Problem to solve:
Restate each record exactly as it was written.

Source records:
┄┄┄┄┄┄┄┄┄┄┄┄┄┄┄┄┄┄┄┄

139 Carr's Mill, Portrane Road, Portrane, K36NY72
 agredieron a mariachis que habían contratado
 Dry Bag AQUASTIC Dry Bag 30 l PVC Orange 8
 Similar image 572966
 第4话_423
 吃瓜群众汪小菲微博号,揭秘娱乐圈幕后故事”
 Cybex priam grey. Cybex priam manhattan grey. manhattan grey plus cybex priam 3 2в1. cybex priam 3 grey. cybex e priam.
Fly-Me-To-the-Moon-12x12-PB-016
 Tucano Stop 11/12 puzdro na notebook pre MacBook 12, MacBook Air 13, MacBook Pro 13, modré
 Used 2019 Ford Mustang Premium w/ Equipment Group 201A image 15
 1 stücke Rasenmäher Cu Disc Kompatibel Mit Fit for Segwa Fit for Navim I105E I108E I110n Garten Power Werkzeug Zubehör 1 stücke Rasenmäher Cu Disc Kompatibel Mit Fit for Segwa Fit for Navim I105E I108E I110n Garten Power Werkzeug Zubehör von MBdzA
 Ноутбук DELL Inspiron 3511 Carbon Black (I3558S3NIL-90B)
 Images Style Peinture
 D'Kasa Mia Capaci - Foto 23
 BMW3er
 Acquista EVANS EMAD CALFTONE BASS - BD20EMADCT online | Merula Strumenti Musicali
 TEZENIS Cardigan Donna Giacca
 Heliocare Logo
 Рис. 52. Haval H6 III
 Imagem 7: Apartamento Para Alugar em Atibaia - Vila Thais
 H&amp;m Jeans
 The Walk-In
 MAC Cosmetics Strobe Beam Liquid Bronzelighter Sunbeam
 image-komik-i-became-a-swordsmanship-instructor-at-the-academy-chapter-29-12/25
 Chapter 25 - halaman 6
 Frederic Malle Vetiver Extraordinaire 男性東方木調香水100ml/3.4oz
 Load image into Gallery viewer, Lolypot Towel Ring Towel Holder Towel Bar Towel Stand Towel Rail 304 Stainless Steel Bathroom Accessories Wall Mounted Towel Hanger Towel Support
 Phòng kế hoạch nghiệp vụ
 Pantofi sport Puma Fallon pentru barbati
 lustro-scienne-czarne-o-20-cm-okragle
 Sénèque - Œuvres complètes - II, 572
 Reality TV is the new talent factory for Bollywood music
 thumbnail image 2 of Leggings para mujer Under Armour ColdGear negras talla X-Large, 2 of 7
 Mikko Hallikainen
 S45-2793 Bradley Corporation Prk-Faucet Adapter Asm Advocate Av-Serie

┄┄┄┄┄┄┄┄┄┄┄┄┄┄┄┄┄┄┄┄

Expected output:
139 Carr's Mill, Portrane Road, Portrane, K36NY72
 agredieron a mariachis que habían contratado
 Dry Bag AQUASTIC Dry Bag 30 l PVC Orange 8
 Similar image 572966
 第4话_423
 吃瓜群众汪小菲微博号,揭秘娱乐圈幕后故事”
 Cybex priam grey. Cybex priam manhattan grey. manhattan grey plus cybex priam 3 2в1. cybex priam 3 grey. cybex e priam.
Fly-Me-To-the-Moon-12x12-PB-016
 Tucano Stop 11/12 puzdro na notebook pre MacBook 12, MacBook Air 13, MacBook Pro 13, modré
 Used 2019 Ford Mustang Premium w/ Equipment Group 201A image 15
 1 stücke Rasenmäher Cu Disc Kompatibel Mit Fit for Segwa Fit for Navim I105E I108E I110n Garten Power Werkzeug Zubehör 1 stücke Rasenmäher Cu Disc Kompatibel Mit Fit for Segwa Fit for Navim I105E I108E I110n Garten Power Werkzeug Zubehör von MBdzA
 Ноутбук DELL Inspiron 3511 Carbon Black (I3558S3NIL-90B)
 Images Style Peinture
 D'Kasa Mia Capaci - Foto 23
 BMW3er
 Acquista EVANS EMAD CALFTONE BASS - BD20EMADCT online | Merula Strumenti Musicali
 TEZENIS Cardigan Donna Giacca
 Heliocare Logo
 Рис. 52. Haval H6 III
 Imagem 7: Apartamento Para Alugar em Atibaia - Vila Thais
 H&amp;m Jeans
 The Walk-In
 MAC Cosmetics Strobe Beam Liquid Bronzelighter Sunbeam
 image-komik-i-became-a-swordsmanship-instructor-at-the-academy-chapter-29-12/25
 Chapter 25 - halaman 6
 Frederic Malle Vetiver Extraordinaire 男性東方木調香水100ml/3.4oz
 Load image into Gallery viewer, Lolypot Towel Ring Towel Holder Towel Bar Towel Stand Towel Rail 304 Stainless Steel Bathroom Accessories Wall Mounted Towel Hanger Towel Support
 Phòng kế hoạch nghiệp vụ
 Pantofi sport Puma Fallon pentru barbati
 lustro-scienne-czarne-o-20-cm-okragle
 Sénèque - Œuvres complètes - II, 572
 Reality TV is the new talent factory for Bollywood music
 thumbnail image 2 of Leggings para mujer Under Armour ColdGear negras talla X-Large, 2 of 7
 Mikko Hallikainen
 S45-2793 Bradley Corporation Prk-Faucet Adapter Asm Advocate Av-Serie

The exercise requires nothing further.